A guinea-pig or small kitten may be substituted for the rabbit, the performer accounting for the wrong animal being produced by supposing that he must have made some mistake in mixing the ingredients.


CHAPTER XVI.
Miscellaneous Tricks.

Under this head we propose to describe such tricks as do not come within either of the preceding categories. We shall make no attempt at classifying them, save that we shall, as far as practicable, describe the best known and simplest feats first, and thence proceed to the more complicated. Stage tricks, i.e., tricks adapted to the stage only, will be treated in the Chapter next following. We will begin with

The Cut String Restored.—This is a trick of such venerable antiquity, that we should not have ventured to allude to it, were it not that the mode of working which we are about to describe, though old in principle, is new in detail, and much superior in neatness to the generally known methods.

Fig. 152.

After having offered the string, which should be about four feet in length, for examination, the performer takes the ends (pointing upwards) between the first and second finger and thumb of the left hand, and the first finger and thumb of the right hand, letting the remainder of the string hang down in a loop between them.
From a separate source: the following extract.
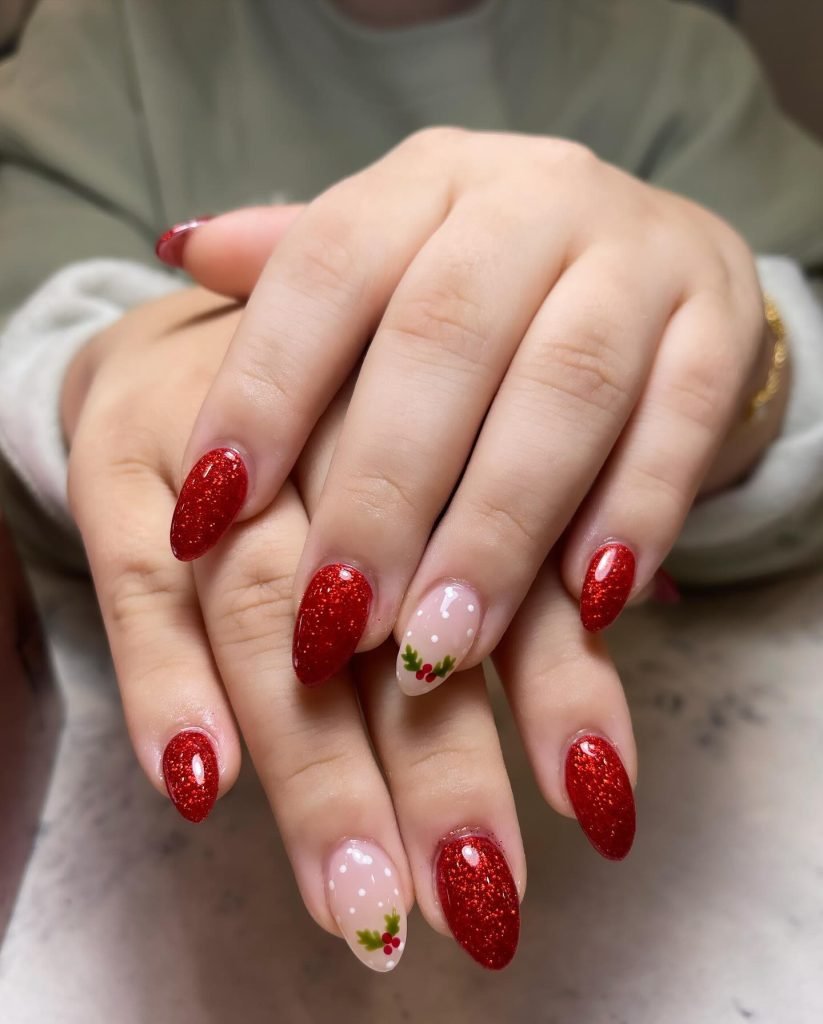 Red glitter holiday nails with festive holly design on nude accent nails. Close-up of stylish manicure.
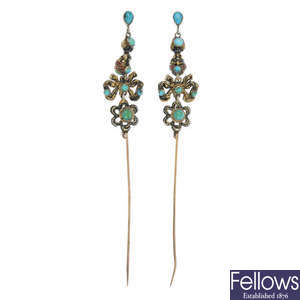 A pair of early 20th century turquoise and enamel pins, converted from ear pendants.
Now bringing the right hand close to the left, he draws that portion of the string which is held in the right hand towards himself between the first and second fingers of the left hand (thus crossing at right angles that end of the cord which is held in the left hand), continuing to pull until half the length of the string has passed the left hand, and at the same time slipping the third finger of the left hand between the two parts of the string, which will thus be as shown in [Fig. 152], in which, for convenience of reference, the three lines in which the string now hangs are marked a, b, and c, and one-half of the string is shown black, and the other half white, though of course there would be no such difference of colour in the original.[L] The first finger and thumb of the right hand, still retaining the end which they already hold, seize the portion b at the point marked with that letter, the third finger of the left hand at the same time drawing back the portion a towards the palm of the hand. The string will thus be brought into the position shown in [Figs. 153] and [154], (in the latter of which, for the sake of clearness, the thumbs are made transparent), the part now held horizontally between the two hands, which appears to be the middle of the string, really being only the immediate continuation of the end held in the left hand. The whole operation of arranging the string in proper position, though tedious to describe, does not take half a second in practice.

[L] It should be mentioned that, in order to economize space in the diagrams, the actual length of the string is represented as much shortened.